Objective assessment tests are commonly used to predict the response to ventriculoperitoneal (VP) shunting in patients with normal pressure hydrocephalus (NPH). Whether subjective reports of improvement after a lumbar drain (LD) trial can predict response to VP shunting remains controversial. The goal in this study was to compare clinical characteristics, complication rates, and shunt outcomes of objective and subjective LD responders who underwent VP shunt placement.

METHODS

This was a retrospective review of patients with NPH who underwent VP shunt placement after clinical improvement with the LD trial.
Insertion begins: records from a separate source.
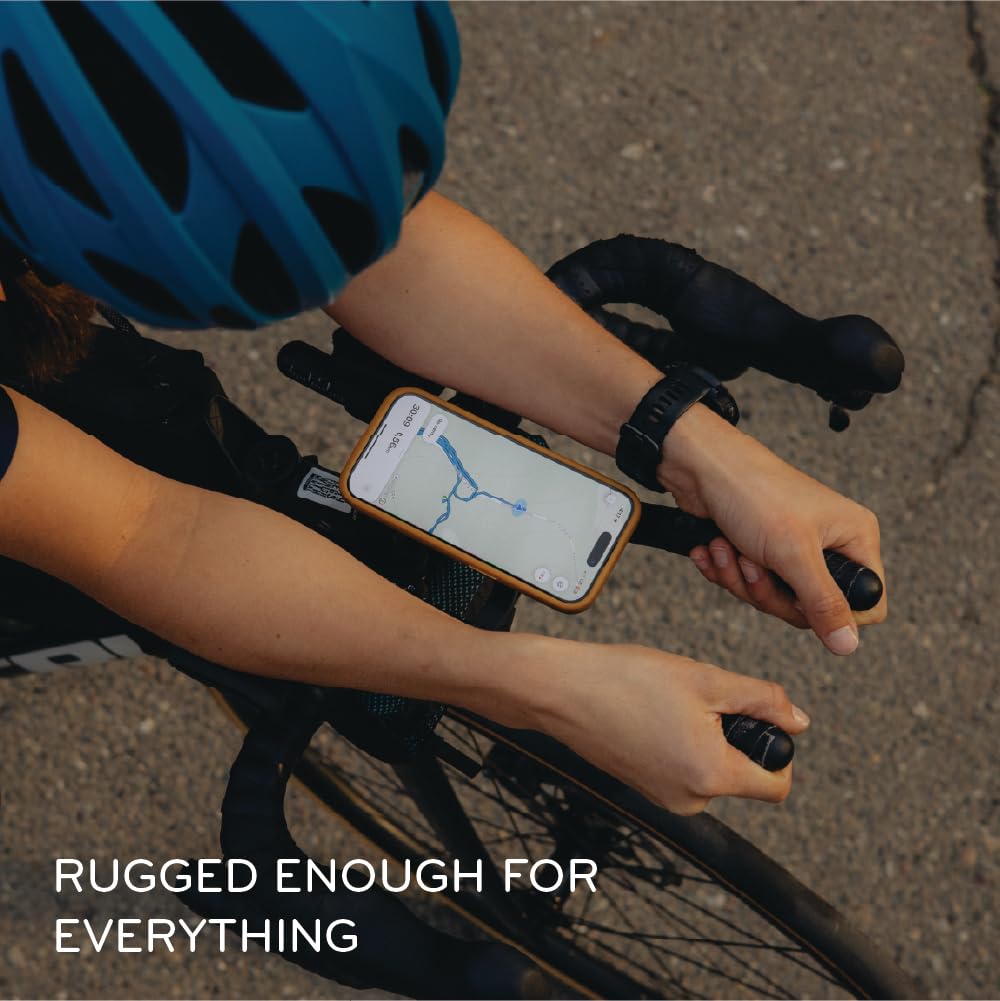 Peak Design Mobile Out Front Bike Mount, V2, Black, SlimLink Technology, Machined Aluminum Construction, Adjustable Cycling Phone Mount, Fits Most Handlebar Sizes, Bike Phone Holder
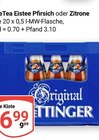 IceTea Eistee Pfirsich Angebote von Oettinger bei GLOBUS Oberhausen für 6,99 €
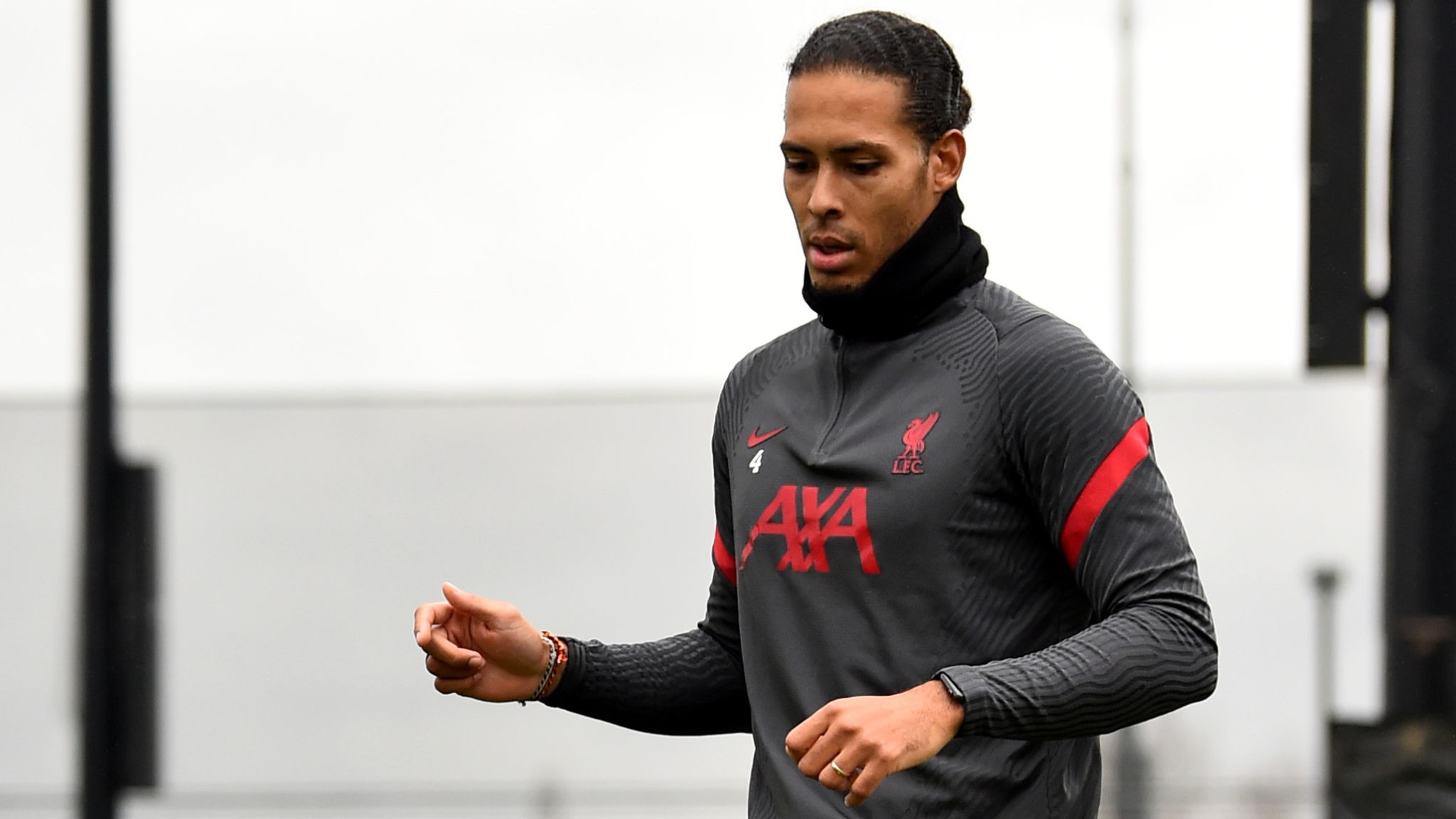 Diogo Jota returns to full Liverpool training as Virgil van Dijk steps ...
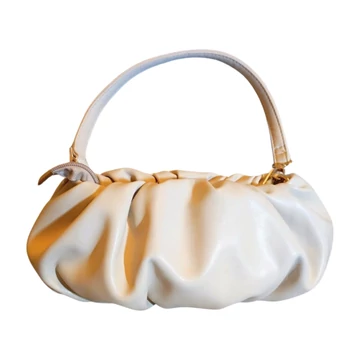 Bézs színű buggyos női táska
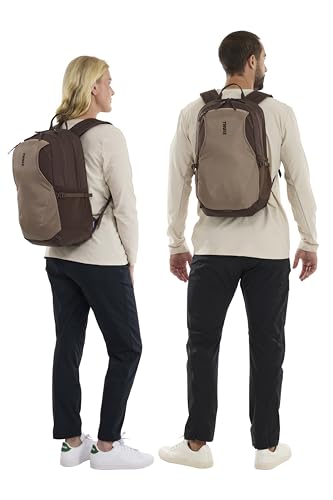 Thule EnRoute Backpack 23L, Elevated 15.6" Laptop Pocket, TPU Zip Pocket - color: Tinted Taupe/Nuanced Brown, size: 23L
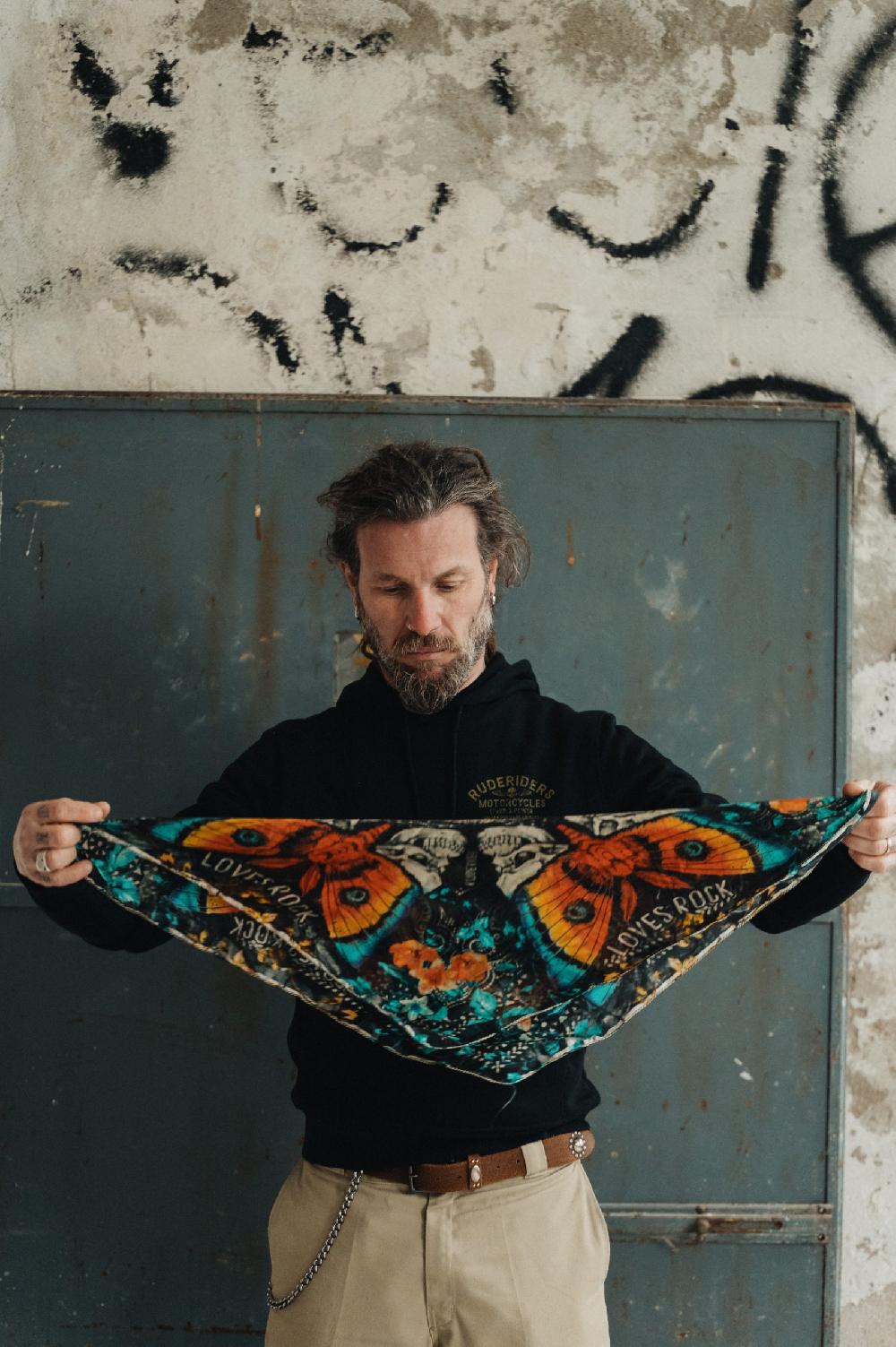 Rude Riders Bandana Butterfly Italia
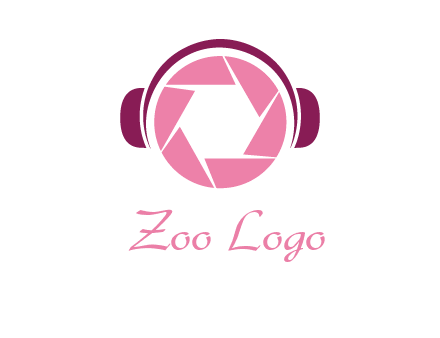 shutter with headphones photography logo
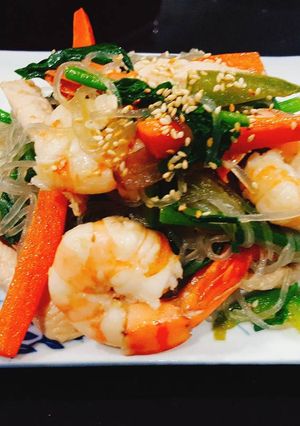 Hình của món Miến trộn.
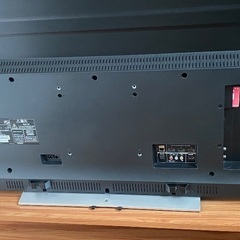 TOSHIBA 43インチテレビとBlu-rayレコーダーセットの画像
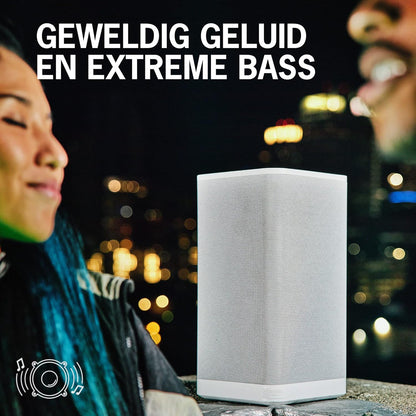 Ultimate Ears HYPERBOOM draagbare Bluetooth-luidspreker - Luide draadloze luidspreker met krachtige bas, IPX4-waterbestendig, 45 m bereik, batterijduur van 24 uur - Wit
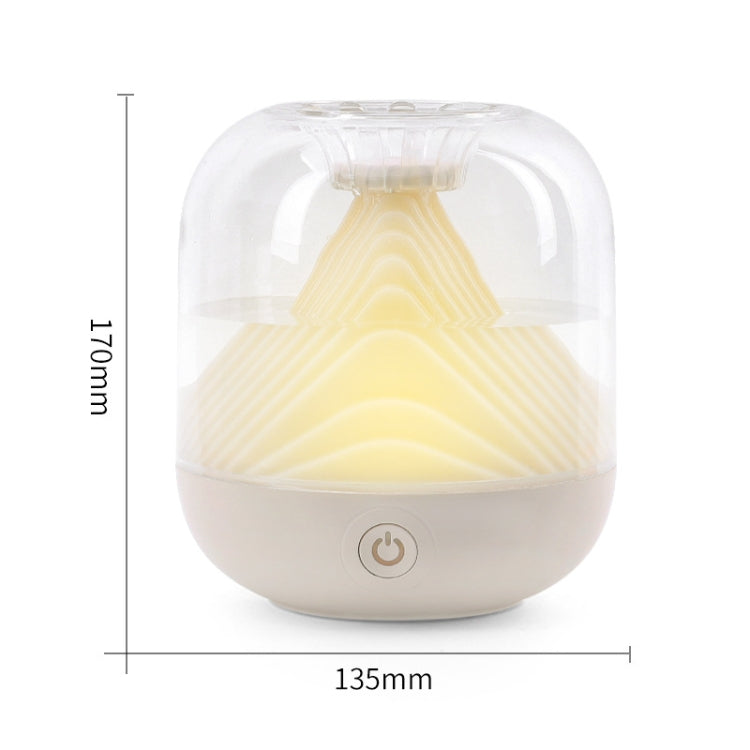 FX-039 USB Charging Ambient Light Humidifier Mountain Mini Wireless Humidifier(Green) - free shipping - PMC TechLife - Order now!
Patients who responded after the LD trial were subclassified into objective LD responders and subjective LD responders. Clinical characteristics, complication rates, and shunt outcomes between the 2 groups were compared with chi-square test of independence and t-test.

RESULTS

A total of 116 patients received a VP shunt; 75 were objective LD responders and 41 were subjective LD responders. There was no statistically significant difference in patient characteristics between the 2 groups, except for a shorter length of stay after LD trial seen with subjective responders. The complication rates after LD trial and VP shunting were not significantly different between the 2 groups. Similarly, there was no significant difference in shunt response between objective and subjective LD responders. The mean duration of follow-up was 1.73 years.

CONCLUSIONS

Reports of subjective improvement after LD trial in patients with NPH can be a reliable predictor of shunt response. The currently used objective assessment scales may not be sensitive enough to detect subtle changes in symptomatology after LD trial.